The senior author of the new paper is Dr. Andrea Quattrone, whom I know well and can vouch for.  He is an internationally recognized leader in discovering diagnostic markers for PSP.  The first-named author is Dr. Costanza Maria Cristiani.

More technical stuff in italics: Why should alpha-synuclein occur in elevated amounts in a tau-based disorder like PSP?  Cristiani et al hypothesize that the red cells absorb most of their alpha-synuclein from the plasma (the liquid component of the blood) rather than being “born” with it in the bone marrow.  They cite previous findings that excessive tau protein impairs the blood brain barrier, which could allow alpha-synuclein, an abundant protein in the brain, to leak into the blood, where it’s “scavenged” by the red cells. An obvious next step is to check other tauopathies such as Alzheimer’s disease for elevated red cell alpha-synuclein.

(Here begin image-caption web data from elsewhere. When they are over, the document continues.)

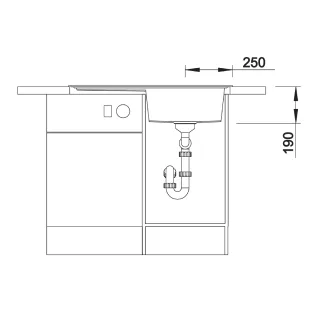 BLANCO ZENAR 45 S Silgranit delikatny biały prawa, korek auto., InFino 527178
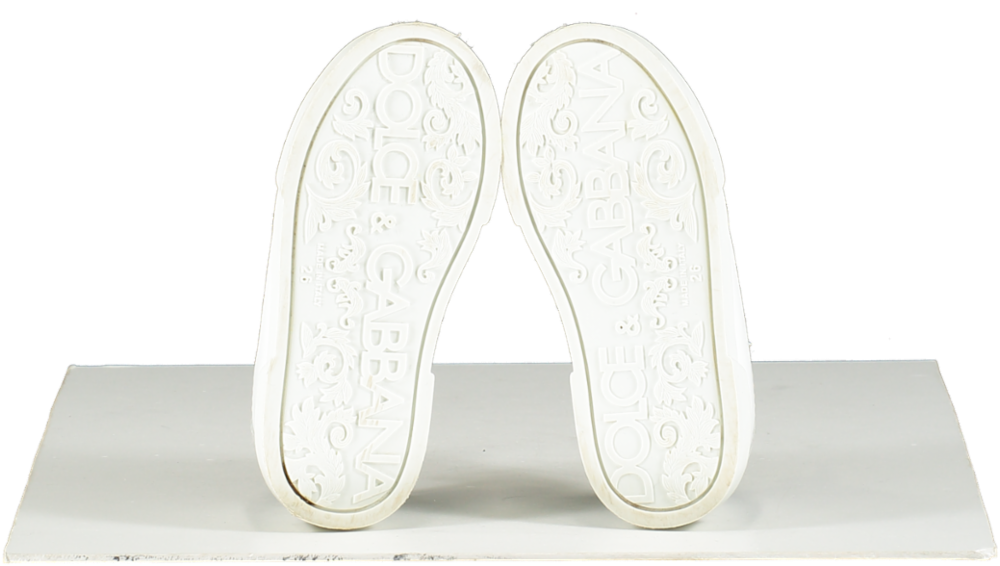 Dolce & Gabbana White Leather Portofino Logo Trainers UK 8.5 EU 26 👼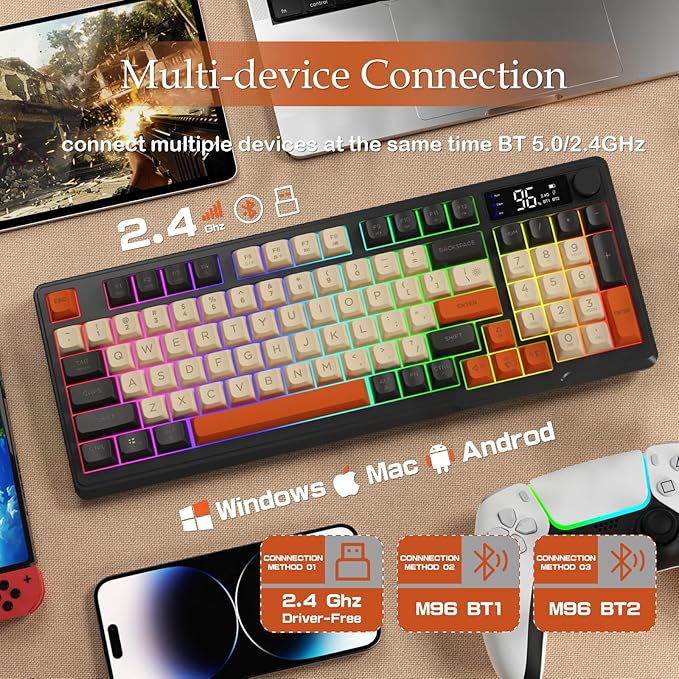 ZIYOU LANG M96 Wireless Gaming Silent Membrane KeyboardDisplay Screen &amp Knob with Multimedia Keys Dual Mode Bluetooth/2.4GhzRainbow Backlight 94Keys Ball Shape PBT Keycap ANSI Layout for Win/Mac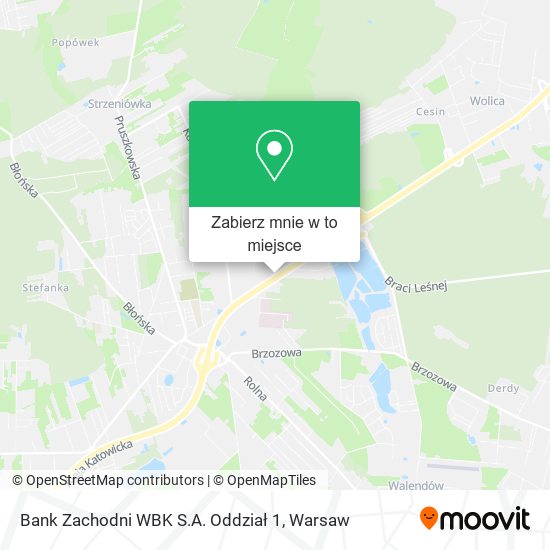 Mapa Bank Zachodni WBK S.A. Oddział 1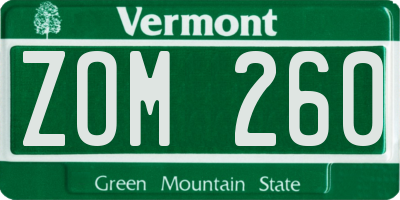 VT license plate ZOM260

And now, on a personal note:  My career as a researcher started in Parkinson’s disease and for a decade starting in 1986, I led the clinical component of the project that discovered that alpha-synuclein was related to PD.  It began when I found and painstakingly worked up a large family with a rare, strongly inherited form of PD .  That work, which included many collaborators I recruited in multiple institutions and countries, showed that family’s illness to be caused by a mutation in the gene encoding alpha-synuclein, which had not previously been suspected of any relationship to PD.  Soon thereafter, others found alpha-synuclein as the major constituent of Lewy bodies (the protein aggregates of PD) in individuals with ordinary, non-familial PD without the mutation.  Now, alpha-synuclein treatments and diagnostic tests are being developed for PD.  So, if a critical diagnostic test for PSP, the disease to which I’ve devoted most of the more recent decades, should turn out to be based on alpha-synuclein, that would nicely satisfy the scientific narcissist in me.